[What the task asks]
Of all the lines in the records below, copy only those that contain the string "venda".

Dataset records
========================

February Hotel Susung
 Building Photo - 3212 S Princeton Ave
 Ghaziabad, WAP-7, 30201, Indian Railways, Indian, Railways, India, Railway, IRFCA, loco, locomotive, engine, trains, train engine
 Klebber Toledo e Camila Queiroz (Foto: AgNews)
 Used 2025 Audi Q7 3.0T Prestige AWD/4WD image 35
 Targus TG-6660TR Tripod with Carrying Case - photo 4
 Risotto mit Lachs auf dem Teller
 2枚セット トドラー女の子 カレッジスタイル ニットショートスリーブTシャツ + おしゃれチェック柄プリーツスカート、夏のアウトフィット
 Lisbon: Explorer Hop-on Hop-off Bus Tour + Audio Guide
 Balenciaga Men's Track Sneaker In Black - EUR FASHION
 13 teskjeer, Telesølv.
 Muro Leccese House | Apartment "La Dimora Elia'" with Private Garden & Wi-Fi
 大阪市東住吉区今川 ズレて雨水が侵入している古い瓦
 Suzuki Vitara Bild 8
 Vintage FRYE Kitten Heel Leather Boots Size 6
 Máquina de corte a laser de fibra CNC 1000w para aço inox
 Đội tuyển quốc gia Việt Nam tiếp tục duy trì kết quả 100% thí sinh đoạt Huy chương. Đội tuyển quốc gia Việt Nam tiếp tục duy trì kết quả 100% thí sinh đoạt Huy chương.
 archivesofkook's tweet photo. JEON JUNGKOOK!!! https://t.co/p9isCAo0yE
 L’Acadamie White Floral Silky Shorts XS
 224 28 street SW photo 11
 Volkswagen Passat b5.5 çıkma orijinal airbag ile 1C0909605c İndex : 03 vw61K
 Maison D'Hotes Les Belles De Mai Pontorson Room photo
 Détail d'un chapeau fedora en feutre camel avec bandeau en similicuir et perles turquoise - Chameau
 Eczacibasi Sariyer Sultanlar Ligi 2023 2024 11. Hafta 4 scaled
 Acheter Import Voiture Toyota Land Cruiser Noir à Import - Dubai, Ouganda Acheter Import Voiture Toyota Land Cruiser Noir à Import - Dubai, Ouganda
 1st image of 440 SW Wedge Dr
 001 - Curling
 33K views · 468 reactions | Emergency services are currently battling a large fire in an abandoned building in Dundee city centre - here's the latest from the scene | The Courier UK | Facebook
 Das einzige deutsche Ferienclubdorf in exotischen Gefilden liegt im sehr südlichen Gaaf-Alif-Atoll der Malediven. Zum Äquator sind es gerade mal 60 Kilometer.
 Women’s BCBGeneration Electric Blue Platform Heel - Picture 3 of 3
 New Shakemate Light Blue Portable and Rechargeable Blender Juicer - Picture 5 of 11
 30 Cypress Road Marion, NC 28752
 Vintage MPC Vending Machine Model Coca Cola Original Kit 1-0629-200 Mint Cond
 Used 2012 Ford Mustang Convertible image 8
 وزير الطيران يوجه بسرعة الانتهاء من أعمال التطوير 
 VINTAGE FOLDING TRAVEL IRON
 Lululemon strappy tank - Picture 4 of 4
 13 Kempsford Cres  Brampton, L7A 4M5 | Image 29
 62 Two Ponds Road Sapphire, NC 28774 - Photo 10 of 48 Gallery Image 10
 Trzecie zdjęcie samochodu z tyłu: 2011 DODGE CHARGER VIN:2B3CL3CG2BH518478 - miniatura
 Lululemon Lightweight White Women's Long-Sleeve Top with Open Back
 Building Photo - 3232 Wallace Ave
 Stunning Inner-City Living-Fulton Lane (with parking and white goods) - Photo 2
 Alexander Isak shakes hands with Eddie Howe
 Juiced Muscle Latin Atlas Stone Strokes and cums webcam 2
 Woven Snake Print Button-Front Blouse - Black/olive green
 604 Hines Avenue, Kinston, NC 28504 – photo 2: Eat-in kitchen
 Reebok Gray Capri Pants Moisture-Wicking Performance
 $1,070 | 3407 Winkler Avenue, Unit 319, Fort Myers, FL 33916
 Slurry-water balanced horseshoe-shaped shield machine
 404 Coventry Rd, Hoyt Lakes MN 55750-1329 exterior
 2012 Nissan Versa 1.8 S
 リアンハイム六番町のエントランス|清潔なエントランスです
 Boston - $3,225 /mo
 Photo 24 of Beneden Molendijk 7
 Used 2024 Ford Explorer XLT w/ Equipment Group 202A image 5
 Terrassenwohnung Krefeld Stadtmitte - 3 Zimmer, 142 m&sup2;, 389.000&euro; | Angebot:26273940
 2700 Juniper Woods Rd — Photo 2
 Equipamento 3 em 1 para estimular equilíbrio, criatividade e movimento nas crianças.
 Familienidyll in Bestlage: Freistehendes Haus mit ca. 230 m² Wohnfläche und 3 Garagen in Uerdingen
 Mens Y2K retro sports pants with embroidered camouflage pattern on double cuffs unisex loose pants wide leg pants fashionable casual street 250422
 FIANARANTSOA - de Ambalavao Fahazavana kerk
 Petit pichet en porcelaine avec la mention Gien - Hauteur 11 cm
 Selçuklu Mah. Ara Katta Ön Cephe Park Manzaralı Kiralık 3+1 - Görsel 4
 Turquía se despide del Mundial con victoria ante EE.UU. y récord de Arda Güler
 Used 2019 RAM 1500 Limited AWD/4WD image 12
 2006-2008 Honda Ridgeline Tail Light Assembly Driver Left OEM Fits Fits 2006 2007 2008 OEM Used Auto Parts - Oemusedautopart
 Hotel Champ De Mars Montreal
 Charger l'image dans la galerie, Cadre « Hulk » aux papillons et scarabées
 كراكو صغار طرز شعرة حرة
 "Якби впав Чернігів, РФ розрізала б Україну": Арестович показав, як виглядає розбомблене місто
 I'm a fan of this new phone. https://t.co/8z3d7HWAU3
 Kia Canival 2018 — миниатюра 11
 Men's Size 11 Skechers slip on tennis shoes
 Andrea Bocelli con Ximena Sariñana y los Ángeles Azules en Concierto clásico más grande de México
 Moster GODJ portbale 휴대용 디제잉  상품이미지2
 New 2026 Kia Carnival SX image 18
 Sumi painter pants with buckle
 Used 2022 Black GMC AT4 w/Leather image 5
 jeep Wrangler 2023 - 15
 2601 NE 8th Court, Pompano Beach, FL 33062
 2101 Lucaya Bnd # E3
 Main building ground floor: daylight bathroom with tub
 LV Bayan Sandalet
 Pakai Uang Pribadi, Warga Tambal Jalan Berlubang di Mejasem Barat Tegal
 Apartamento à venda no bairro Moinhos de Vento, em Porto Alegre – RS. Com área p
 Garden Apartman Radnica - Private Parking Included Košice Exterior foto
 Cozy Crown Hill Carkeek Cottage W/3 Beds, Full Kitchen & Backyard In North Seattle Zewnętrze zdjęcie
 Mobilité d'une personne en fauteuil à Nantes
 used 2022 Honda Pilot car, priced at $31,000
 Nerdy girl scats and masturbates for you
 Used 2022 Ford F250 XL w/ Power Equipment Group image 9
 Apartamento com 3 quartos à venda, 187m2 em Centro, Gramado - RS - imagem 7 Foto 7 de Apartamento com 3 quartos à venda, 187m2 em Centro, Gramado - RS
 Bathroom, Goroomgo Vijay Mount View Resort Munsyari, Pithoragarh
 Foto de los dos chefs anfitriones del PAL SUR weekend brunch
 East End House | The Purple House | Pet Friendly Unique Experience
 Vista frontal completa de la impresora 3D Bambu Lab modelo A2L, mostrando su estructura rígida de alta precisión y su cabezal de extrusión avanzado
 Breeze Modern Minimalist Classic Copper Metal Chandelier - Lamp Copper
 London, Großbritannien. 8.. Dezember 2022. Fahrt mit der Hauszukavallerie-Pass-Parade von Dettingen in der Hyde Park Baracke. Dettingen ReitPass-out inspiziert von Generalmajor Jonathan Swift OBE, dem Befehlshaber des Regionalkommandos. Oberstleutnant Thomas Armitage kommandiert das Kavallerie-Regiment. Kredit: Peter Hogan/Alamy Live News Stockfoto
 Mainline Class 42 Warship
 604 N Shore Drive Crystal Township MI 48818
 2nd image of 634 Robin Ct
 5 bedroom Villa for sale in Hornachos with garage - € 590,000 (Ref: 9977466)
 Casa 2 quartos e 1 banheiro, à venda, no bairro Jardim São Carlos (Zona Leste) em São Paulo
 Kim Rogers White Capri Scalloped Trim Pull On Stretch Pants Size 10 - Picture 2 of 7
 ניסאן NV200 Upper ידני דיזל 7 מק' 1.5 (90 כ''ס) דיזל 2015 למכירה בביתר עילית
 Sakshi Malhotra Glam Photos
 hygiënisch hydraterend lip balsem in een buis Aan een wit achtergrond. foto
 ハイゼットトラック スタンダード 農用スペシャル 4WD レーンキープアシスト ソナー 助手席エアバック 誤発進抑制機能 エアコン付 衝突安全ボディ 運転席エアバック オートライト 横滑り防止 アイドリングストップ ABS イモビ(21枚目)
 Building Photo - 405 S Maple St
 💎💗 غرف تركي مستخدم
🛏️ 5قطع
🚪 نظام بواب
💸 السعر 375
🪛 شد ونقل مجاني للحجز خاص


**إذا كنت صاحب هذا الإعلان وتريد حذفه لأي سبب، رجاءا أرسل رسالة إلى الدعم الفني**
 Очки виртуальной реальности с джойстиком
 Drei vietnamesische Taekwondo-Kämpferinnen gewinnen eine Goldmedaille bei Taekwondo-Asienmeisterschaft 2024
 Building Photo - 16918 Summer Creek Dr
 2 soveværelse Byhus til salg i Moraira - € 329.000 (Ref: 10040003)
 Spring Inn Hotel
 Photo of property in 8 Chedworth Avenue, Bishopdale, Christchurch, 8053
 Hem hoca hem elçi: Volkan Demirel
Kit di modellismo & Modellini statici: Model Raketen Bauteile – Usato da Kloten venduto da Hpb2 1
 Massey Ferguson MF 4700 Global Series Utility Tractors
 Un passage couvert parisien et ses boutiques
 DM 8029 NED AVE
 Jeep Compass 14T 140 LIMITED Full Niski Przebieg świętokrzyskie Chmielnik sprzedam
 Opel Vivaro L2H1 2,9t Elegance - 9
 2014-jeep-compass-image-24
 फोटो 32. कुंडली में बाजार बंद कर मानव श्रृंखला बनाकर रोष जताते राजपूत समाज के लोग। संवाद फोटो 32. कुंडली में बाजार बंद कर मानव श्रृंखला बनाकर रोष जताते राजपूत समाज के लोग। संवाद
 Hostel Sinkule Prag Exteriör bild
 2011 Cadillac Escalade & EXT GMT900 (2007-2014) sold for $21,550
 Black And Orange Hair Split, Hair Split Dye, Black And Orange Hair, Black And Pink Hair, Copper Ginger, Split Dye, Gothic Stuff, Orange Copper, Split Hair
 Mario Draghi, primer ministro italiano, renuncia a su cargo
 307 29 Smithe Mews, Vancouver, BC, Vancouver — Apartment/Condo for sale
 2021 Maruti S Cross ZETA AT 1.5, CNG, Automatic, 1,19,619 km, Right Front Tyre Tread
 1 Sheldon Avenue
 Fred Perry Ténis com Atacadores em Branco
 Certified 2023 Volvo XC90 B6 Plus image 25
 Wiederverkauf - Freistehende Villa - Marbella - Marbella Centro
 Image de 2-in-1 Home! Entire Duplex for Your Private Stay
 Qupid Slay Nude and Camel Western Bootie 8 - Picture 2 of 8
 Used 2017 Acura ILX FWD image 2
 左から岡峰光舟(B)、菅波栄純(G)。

========================

[Response]
 Apartamento à venda no bairro Moinhos de Vento, em Porto Alegre – RS. Com área p
 Apartamento com 3 quartos à venda, 187m2 em Centro, Gramado - RS - imagem 7 Foto 7 de Apartamento com 3 quartos à venda, 187m2 em Centro, Gramado - RS
 Casa 2 quartos e 1 banheiro, à venda, no bairro Jardim São Carlos (Zona Leste) em São Paulo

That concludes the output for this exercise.